Let us prevent this, let us put mitigations in place now. How? Speed is important so let’s read on and learn a few quick tips in Swift.

Difficulty: Beginner | Easy | Normal | Challenging

Prerequisites:

  • Some understanding of Logging in Swift would be useful (guide HERE)

Terminology

Build: A build is a version of an App

Build Configuration: The configuration for an Xcode build

Debug: identify and remove errors

Logging: A way to capture log messages to memory and disk

Logging to the Console

Look. I’m as much a fan of logging to the console to perform a quick debug of your code as anyone.

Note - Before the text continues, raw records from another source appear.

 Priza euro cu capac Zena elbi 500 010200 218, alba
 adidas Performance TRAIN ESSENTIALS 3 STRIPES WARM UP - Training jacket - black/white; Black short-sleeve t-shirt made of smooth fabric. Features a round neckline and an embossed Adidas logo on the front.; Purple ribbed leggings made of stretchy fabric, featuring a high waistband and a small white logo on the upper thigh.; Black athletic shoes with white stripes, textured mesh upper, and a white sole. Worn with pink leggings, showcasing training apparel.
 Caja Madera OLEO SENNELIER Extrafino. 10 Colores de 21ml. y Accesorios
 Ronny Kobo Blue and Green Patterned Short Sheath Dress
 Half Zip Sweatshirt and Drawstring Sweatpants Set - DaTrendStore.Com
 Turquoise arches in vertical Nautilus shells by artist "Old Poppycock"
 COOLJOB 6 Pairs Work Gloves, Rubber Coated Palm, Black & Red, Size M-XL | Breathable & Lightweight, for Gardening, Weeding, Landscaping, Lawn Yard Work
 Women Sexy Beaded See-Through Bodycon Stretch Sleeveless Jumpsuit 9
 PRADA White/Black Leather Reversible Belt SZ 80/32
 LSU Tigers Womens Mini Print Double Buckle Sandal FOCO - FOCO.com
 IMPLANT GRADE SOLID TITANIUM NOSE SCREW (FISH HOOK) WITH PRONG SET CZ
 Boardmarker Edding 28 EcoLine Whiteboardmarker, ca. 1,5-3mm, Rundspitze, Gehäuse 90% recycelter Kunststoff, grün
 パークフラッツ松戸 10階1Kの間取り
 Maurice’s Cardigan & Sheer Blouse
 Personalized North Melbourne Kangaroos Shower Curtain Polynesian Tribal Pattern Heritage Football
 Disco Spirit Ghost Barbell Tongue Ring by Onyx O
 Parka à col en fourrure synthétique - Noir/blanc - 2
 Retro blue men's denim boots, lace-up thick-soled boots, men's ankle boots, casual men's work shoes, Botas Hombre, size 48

In Swift this is often performed with a simple print , rather like the following:

func test(input: String) {
print("The function \(#function) received \(input)")
}

Now the statement which follows is also true for NSLog function (and although the Unified Logging System is designed not to sacrifice performance I’d recommend you don’t have logs in your production code in any case).

Valid instructions can’t be skipped, and therefore bring a performance penalty if used in production code.

Imagine if you have a print statement within a loop. Each time the loop is executed the print command will be executed. This is NOT good.